New Leaders contracted with Mathematica Policy Research to help design the methods for 
identifying effective schools and teachers. The approach used for each partner differs, depending on 
the priorities of the partner and the type of information available to measure school and teacher 
performance. This report presents the methods used to identify effective schools and teachers for a 
consortium of over 140 charter schools in 17 states and the District of Columbia during the second 
year of this project. Mathematica will work with New Leaders and the charter school consortium to 
revise the model in future years and incorporate additional data that become available. 

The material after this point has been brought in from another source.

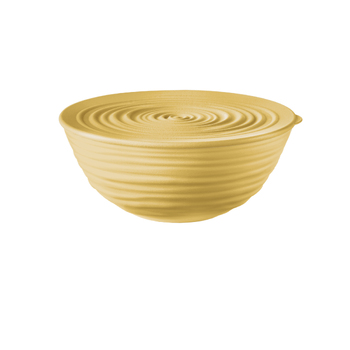 Guzzini Earth Tierra 1.09L/18cm Bowl w/ Lid Medium - Mustard Yellow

This year’s model differs from that of last year in four respects. First, we used a shrinkage 
method to help ensure that schools (and teachers) with small numbers of students in our model 
were not overrepresented at the top (and bottom) of the resulting performance measures. Second, 
we added teacher-level estimates for charter schools. Third, we estimated models using two years of 
performance data rather than just one. 1 Finally, we changed the treatment of schools that cover 
multiple grade spans. Last year, those schools had multiple chances for winning awards (one for 
each grade span). 2 This year, we altered our model so each school had only one chance of getting an 
award. More details on these changes are presented below in the discussion of this year’s methods. 

B. Method for Measuring School and Teacher Effectiveness 

Many commonly used measures of student outcomes aggregated at the classroom or school 
level, such as average test score levels or the percentage of students meeting the state proficiency 
standards, do not provide an accurate measure of the effectiveness of schools or teachers. This is 
because they are likely to be affected by students’ prior abilities and accumulated achievements, as 
well as such other factors as parents’ socioeconomic status. Better measures of effectiveness focus 



1 Last year we estimated models using only one year of performance (that is, one cohort of students in each grade 
level). This year we estimated models using both one and two years of a performance data. NLNS considered both 
models for the schools. The one- and two-year estimates for the schools were correlated at 0.94. NLNS gave out school 
awards based on the one -year models. The teacher awards were given out based on the two-year models. Using two-year 
models is particularly important for teachers because teacher estimates are generally less precise than school estimates 
due to the small sample sizes of students. Also teacher estimates are not stable over time (Sass 2008). 

2 Although schools could participate in more than one grade span category, that is, both the elementary and middle 
school categories for K through eighth grade schools, schools ultimately could receive no more than one monetary 
award, even if they were top-ranked in more than one category.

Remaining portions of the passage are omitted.